Press Room

February 20, 2004


HRC Applauds Developments in San Francisco, Marriage Licenses Will Continue To Be Issued to Same-Sex

Same-Sex Couples Deserve the Full Equality Provided Through a Marriage License, Say GLBT Advocates

WASHINGTON - The Human Rights Campaign today applauded the ruling of the Superior Court in San Francisco, which allows San Francisco to continue issuing marriage licenses to same-sex couples. The court refused to issue a temporary restraining order or a stay that could have halted the issuance of licenses, saying that those opposed to the issuance of the licenses had failed to produced any competent evidence of any harm to themselves or to anyone. A hearing on the substantive and constitutional issues at hand will be held at a later date that is yet to be determined.

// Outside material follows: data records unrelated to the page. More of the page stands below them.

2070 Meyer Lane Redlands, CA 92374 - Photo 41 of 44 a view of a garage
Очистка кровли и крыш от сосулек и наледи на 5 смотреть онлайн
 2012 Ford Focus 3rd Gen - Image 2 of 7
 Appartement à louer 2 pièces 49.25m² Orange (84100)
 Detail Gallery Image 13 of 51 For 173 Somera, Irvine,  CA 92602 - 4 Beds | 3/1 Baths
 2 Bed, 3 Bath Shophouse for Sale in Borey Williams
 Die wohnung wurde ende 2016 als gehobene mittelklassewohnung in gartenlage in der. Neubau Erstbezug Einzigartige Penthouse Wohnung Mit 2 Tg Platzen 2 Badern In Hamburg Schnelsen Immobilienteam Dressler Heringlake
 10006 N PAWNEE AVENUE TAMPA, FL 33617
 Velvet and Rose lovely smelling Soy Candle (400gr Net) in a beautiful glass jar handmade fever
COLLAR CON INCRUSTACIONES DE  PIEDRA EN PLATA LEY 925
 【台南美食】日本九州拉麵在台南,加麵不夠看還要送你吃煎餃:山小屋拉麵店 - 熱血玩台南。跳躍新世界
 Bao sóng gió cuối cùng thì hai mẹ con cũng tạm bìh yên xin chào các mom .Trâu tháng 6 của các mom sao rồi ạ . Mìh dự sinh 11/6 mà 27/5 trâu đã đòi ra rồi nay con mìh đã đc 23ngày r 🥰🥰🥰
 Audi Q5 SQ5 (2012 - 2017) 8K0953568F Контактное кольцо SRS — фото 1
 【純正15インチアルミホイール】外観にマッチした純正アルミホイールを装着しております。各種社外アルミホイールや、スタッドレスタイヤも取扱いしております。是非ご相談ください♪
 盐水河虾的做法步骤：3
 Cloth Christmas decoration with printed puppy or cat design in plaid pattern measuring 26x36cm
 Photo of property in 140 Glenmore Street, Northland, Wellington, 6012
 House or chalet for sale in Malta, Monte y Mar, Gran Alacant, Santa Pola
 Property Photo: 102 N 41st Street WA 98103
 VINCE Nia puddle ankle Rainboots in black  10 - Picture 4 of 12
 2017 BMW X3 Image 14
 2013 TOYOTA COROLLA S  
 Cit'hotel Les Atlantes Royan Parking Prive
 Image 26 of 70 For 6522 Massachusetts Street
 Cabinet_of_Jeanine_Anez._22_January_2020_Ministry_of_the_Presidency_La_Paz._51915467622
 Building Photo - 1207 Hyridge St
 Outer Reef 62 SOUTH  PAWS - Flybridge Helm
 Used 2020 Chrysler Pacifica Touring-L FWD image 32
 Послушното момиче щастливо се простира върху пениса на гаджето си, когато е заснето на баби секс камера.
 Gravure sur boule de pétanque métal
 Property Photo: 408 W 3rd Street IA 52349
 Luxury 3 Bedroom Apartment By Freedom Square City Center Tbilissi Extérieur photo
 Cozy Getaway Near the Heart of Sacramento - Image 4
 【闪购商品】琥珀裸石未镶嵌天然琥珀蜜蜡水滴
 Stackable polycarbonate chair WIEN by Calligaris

The court also allowed the National Center for Lesbian Rights (NCLR), Equality California, the American Civil Liberties Union (ACLU) of California, and Lambda Legal to intervene in the case on behalf of some of the same-sex couples who have married there in the past week, including Del Martin and Phyllis Lyon, the first lesbian couple to marry in San Francisco.

"It is our great hope that what is happening in San Francisco will be a lesson to the country - for the overwhelming majority of Americans, nothing has changed. But for same-sex couples and their families, this represents a sea change - one that ensures their families are finally granted fundamental rights and protections under the law," said HRC President Cheryl, Jacques.

Last week, San Francisco Mayor Gavin Newsom made national history when he ordered the city to start issuing marriage licenses to same-sex couples in order to meet the state constitutional mandate of equal protection based on gender and sexual orientation. Newsom maintains that denying same-sex couples the rights and protections of marriage is a form of discrimination.
"It is extremely heartening to see Mayor Newsom standing up against discrimination and working to protect all of his constituents equally under the law," said Jacques.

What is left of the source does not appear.